Background

A learning curve is graphical representation of the relationship between effort, such as repetitive practice or time spent, and the resultant learning based on specific outcomes [1]. Learning curves align with an important learning principle that practice improves performance and “sufficient practice leads to higher levels of achievement” [1]. Practically, individual learning curves provide insight into the progression of learning for a specific student, potentially identifying students who have achieved specified learning outcomes or who require additional education or remediation. Group learning curves provide information for designing educational interventions or assessments [1]. Plateaus on learning curves represent a “spurious limit [to learning],” where further improvement in performance becomes unlikely in the given context. Plateaus may be surpassed if additional educational interventions and assessments are applied [1, 2].

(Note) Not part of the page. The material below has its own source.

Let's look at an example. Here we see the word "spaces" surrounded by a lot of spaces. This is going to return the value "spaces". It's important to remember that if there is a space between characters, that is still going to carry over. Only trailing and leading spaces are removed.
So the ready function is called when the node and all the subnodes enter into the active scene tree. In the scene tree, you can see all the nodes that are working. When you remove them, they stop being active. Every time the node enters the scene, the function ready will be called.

Point-of-Care Ultrasound (POCUS) is a goal-directed ultrasound examination performed by a clinician at a patient’s bedside to answer a specific diagnostic or therapeutic question [3]. Use in clinical practice and incorporation into medical education programs are common and increasing [3]. POCUS involves both cognitive and psychomotor skillsets. The quality of POCUS images is largely dependent on the operator selecting the optimal depth, gain, and tomographic axis (angle of intersection of the ultrasound with the structure of interest) while manipulating the ultrasound device. Meticulous attention to these components of image quality is necessary during education and learner assessment [4]. Higher numbers of POCUS examinations performed by learners have been shown to be associated with improved learning outcomes. In a 2019 study, Duanmu demonstrated that emergency medicine resident physicians who had performed greater than 300 total POCUS examinations performed better on an observed structured clinical examination than colleagues who had performed fewer than 300 POCUS examinations [5]. While experts have advocated for 25–50 examinations per organ system, the amount of practice required is not well known [4,5,6].

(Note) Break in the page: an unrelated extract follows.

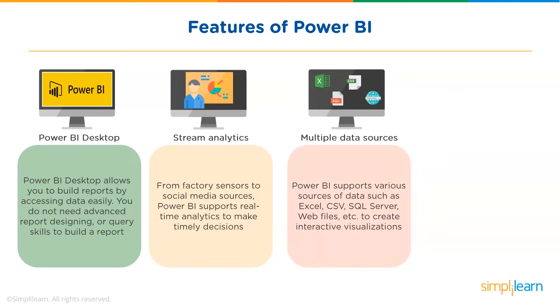Third, support for multiple data sources is one of the major features of Power BI. You can access various sources of data such as Excel, CSV, SQL Server, Web Files, etc. to create interactive visualizations.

Prior studies on learning curves for different POCUS applications reveal substantial variations in study size, study population, and study methodology. In several larger studies, learning curves of resident and attending physicians for various POCUS applications were assessed, however, these learners had variable degrees of POCUS experience, thus potentially altering learning curves and plateau points [7,8,9]. Despite the known benefit of a longitudinal curriculum for optimal POCUS knowledge retention, studies assessing learning curves of novices have included only a single educational intervention [10,11,12,13]. Often times, studies of learning curves include a mixed assessment of cognitive and psychomotor skillsets [8, 12, 14, 15]. This potentially limits the usefulness of the data, as learning curves for cognitive and psychomotor components of POCUS differ [7]. A thorough assessment of learning curves of the psychomotor skillset for novice learners in a longitudinal POCUS curriculum has not been completed.

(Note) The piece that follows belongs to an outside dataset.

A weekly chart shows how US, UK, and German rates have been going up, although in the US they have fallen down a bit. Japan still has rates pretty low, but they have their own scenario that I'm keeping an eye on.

A 2017 systematic review assessing POCUS training programs for novice medical learners demonstrated that while incorporation of ultrasound in medical education is feasible, areas for further research include identification of trainee learning curves [16]. The purpose of this research study is to define the learning curves psychomotor skill acquisition of novice Physician Assistant (PA) students enrolled in a longitudinal POCUS curriculum. While image interpretation and clinical integration are necessary components of POCUS training, the emphasis of this study is the psychomotor skillset and assessment of these cognitive skills the scope of this study. Additionally, we sought to explore the learning curves for the individual components of image quality include depth, gain, and tomographic axis, as this has not been previously reported in the literature. A more thorough understanding of this topic will allow educators to make informed decisions regarding curriculum design and implementation, and learner assessment.

Methods

Twenty-two PA students were enrolled retrospectively in the study, upon completion of requirements for graduation at the {redacted} PA Program, demographic data were collected and reported. All students completed a previously described longitudinal POCUS curriculum, utilizing a flipped classroom setting with pre-class video lectures and in-class image interpretation, case studies, and proctored hands-on skill practice [17]. A multimodal evaluation utilizing multiple choice quizzes/tests, hands-on skills assessments, and a portfolio of images was utilized for the curriculum. Students were required to complete a minimum of 25 POCUS examinations each of the heart (minimum of 3 of the parasternal long axis, parasternal short axis, apical 4 chamber, subcostal 4 chamber, and inferior vena cava), lungs (minimum of 4 exam points on a hemithorax), aorta (transverse and longitudinal), kidney (transverse and longitudinal), and bladder (transverse and longitudinal) [17]. Feedback was provided after 5, 10, and 25 submitted examinations. All examinations were stored in a personalized digital archive utilizing Butterfly Network cloud software. All examinations were reviewed by a PA from the Program faculty who has completed external certification through the American College of Chest Physicians and two instructional faculty who were PAs in Emergency Medicine at the affiliated health system who have completed internal POCUS credentialing. Image quality was assessed using the American College of Emergency Physician suggested quality assurance 5-point Likert scale rubric, expanded to include individual assessments of depth, gain, and tomographic axis [18,19,20]. The research project was deemed exempt by the Institutional Review Board.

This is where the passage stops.